Ein Land, das Fahrer wie Ayrton Senna hervorbrachte oder den ebenfalls dreimaligen Weltmeister Nelson Piquet, steht ohne Stammfahrer da. Immerhin wurde bei Aston Martin termingerecht zum PS-Karneval von Interlagos die Vertragsverlängerung mit Felipe Drugovich als Test- und Ersatzpilot fürs kommende Jahr bekannt gegeben.
Der 23 Jahre alte ehemalige Formel-2-Champion weiß aber auch, warum es für Brasilianer so schwer ist. "Der Motorsport ist dominiert von Europa", betonte er. Für einen Nachwuchspiloten aus Südamerika heißt das: "Du musst um die Welt reisen, du siehst deine Familie nicht oft. Es ist ziemlich schwer, wenn du nicht aus Europa kommst."
Hoffnungsträger Bortoleto
Dass zuletzt der 19 Jahre alte Gabriel Bortoleto den Titel in der Formel 3 gewann, nährte die Hoffnungen auf ein brasilianisches Comeback auch in der Startaufstellung beim Heimrennen. Der bisher letzte, der dort auch in São Paulo stand, war Felipe Massa. Ähnlich wie bei seinem Landsmann Rubens Barrichello reichte es bei Massa in der Formel-1-Biographie eher nur zu Helferdiensten. Der große Traum vom Titel blieb unerfüllt.
Allerdings nicht, wenn es nach dem Willen des 42-Jährigen und seinen Anwälten geht. Sie wollen wegen des Skandalrennens von Singapur 2008 die WM-Wertung vor 15 Jahren anfechten und warten vor dem möglichen Gang vor ein Zivilgericht noch auf eine Reaktion des Formel-1-Managements und des Internationalen Automobilverbandes.

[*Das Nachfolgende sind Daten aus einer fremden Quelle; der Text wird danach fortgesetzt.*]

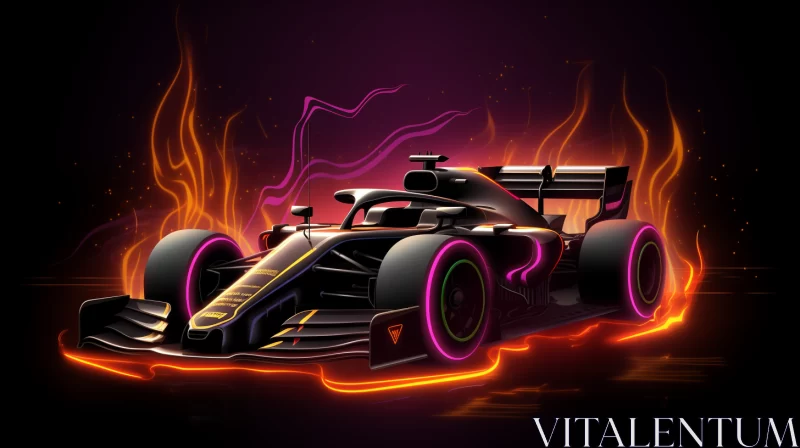 Neon Impressionistic Formula 1 Racing Car in Dark Gold & Violet Flames  - AI Generated Images AI Image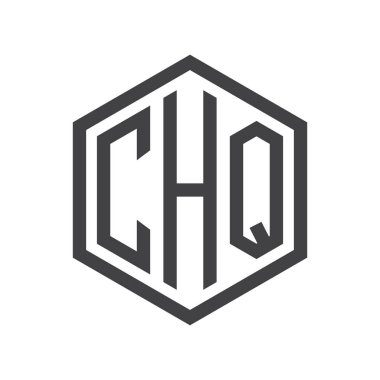 üç harfli baş harfleri altıgen logo siyah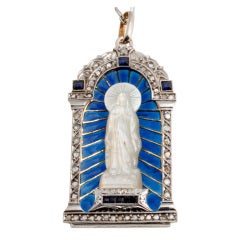 Plique a jour Virgin Mary Pendant in Platinum and Gold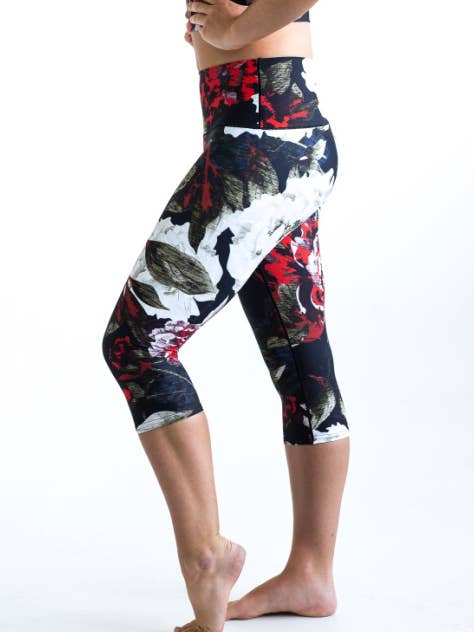 Black Floral Capris for wholesale by Colorado Threads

Massa will WM-Wertung 2008 anfechten
Bei dem Rennen damals hatte es einen inszenierten Unfall gegeben, Massa war durch den Rennverlauf und einen schweren Boxenstopp-Patzer letztlich punktlos geblieben. Und beim Finale auf seiner Heim- und Hausstrecke reichte auch der Sieg nicht. Lewis Hamilton bescherte mit seinem Überholmanöver auf den letzten Metern gegen den damaligen Toyota-Piloten Timo Glock jenem Massa, dessen Familie in der Ferrari-Box und den brasilianischen Fans eine brachiale Emotionskollision.
"Das war damals schon verrückt, ich habe mich damals wie der Staatsfeind Nummer 1 gefühlt", erinnerte sich Hamilton nun an das Geschehen von damals. Angesprochen auf Massas Versuch, nachträglich die WM zu gewinnen, schwiegen die Fahrer eher, Hamilton entgegnete lediglich: "Ich schenke dem keine Beachtung."
Nummer zwei hinter Fußball
Selbst in den brasilianischen Zeitungen spielte der WM-Zurückeroberungszug von Massa, der wohl auch nicht zum Grand Prix an die Strecke kommen wird, keine Rolle. Stattdessen beherrschte das bevorstehende Finale der Copa Libertadores am Samstag in Rio zwischen Fluminense und Argentiniens Kult-Club Boca Juniors eher die Sport-Schlagzeilen. Fußball mit heimischer Beteiligung schlägt Formel 1 ohne Stammfahrer.
Die, die nun für die Fans zu den Idolen werden, schwärmten von Land und Leuten. Wie vor allem auch Hamilton. Immerhin ist der 38 Jahre alte Brite seit einem Jahr sogar Ehrenbürger von Brasilien. Und am Donnerstag erschien er in einer Art Brasilien- und Ayrton-Senna-Tribut-Outfit an der Strecke: "Er war so ein großer Held für viele von uns."
Senna für immer ein Held
Acht Versuche hatte Senna benötigt, um sein Heimrennen zu gewinnen. 1991 war es so weit. Schwer gezeichnet und komplett entkräftet, nachdem er die letzten Runden wegen Getriebeproblemen im sechsten Gang hatte fahren müssen, brauchte er Hilfe, um den Pokal nach oben zu stemmen. Am 1. Mai 1994 stürzte Sennas Unfalltod in Imola dann das ganze Land in tiefe Trauer.
Sein Grab auf dem Cemitério Parque Morumby bleibt auch fast 30 Jahre später noch eine Pilgerstätte für die Fans in dem Formel-1-verrückten Land, das selbst auch wieder Formel-1-Geschichte schreiben will.